§ **GOAL OF THE EXERCISE**
Having located "10 de corazones" in the listing below, write out its line and every following line exactly, last line included, without the pictures.
- Opening Delimiter -
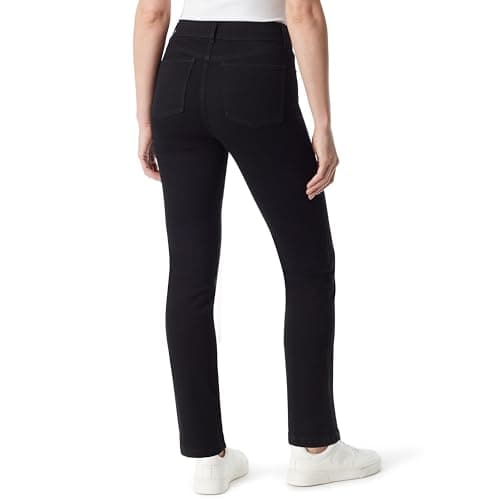 Gloria Vanderbilt Women's Shape Effect Pull On High Rise Straight Leg Jean, Black Rinse thumbnail 3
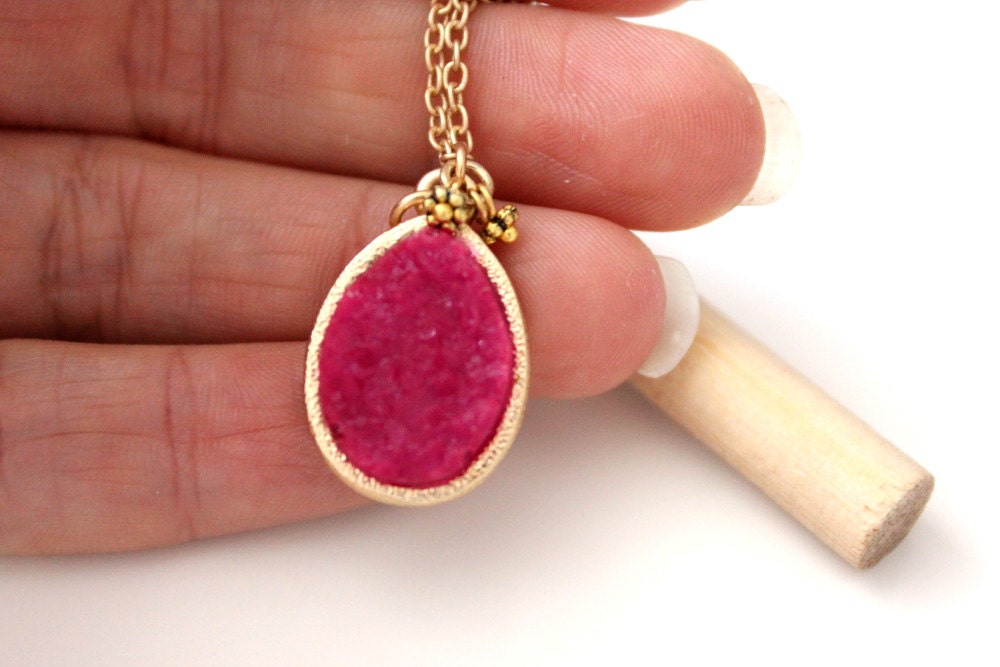 Teardrop pink druzy pendant on gold chain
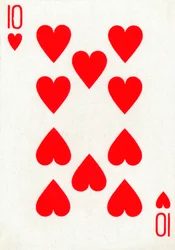 10 de corazones de una baraja de Goodall & Son Ltd., c1940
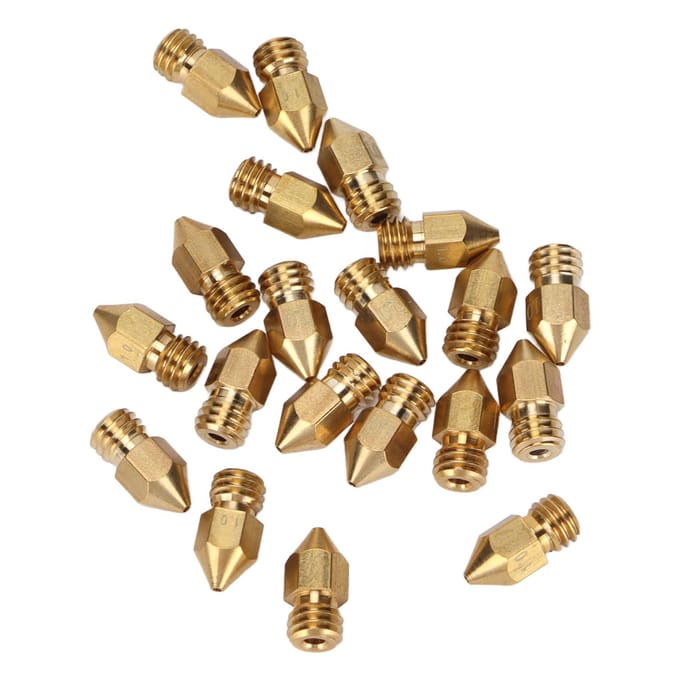 Kit de 20 buses MK8 1,75 mm Filetage M6 Buses d'extrudeuse polies avec boîte de rangement pour imprimante 3D brown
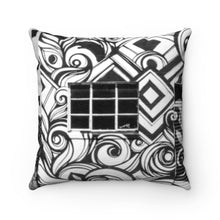 Load image into Gallery viewer, [IN WAVES] Faux Suede Square Black and White Pillow Case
- Closing Delimiter -
§ **WRITTEN RESPONSE**
 10 de corazones de una baraja de Goodall & Son Ltd., c1940
 Kit de 20 buses MK8 1,75 mm Filetage M6 Buses d'extrudeuse polies avec boîte de rangement pour imprimante 3D brown
 Load image into Gallery viewer, [IN WAVES] Faux Suede Square Black and White Pillow Case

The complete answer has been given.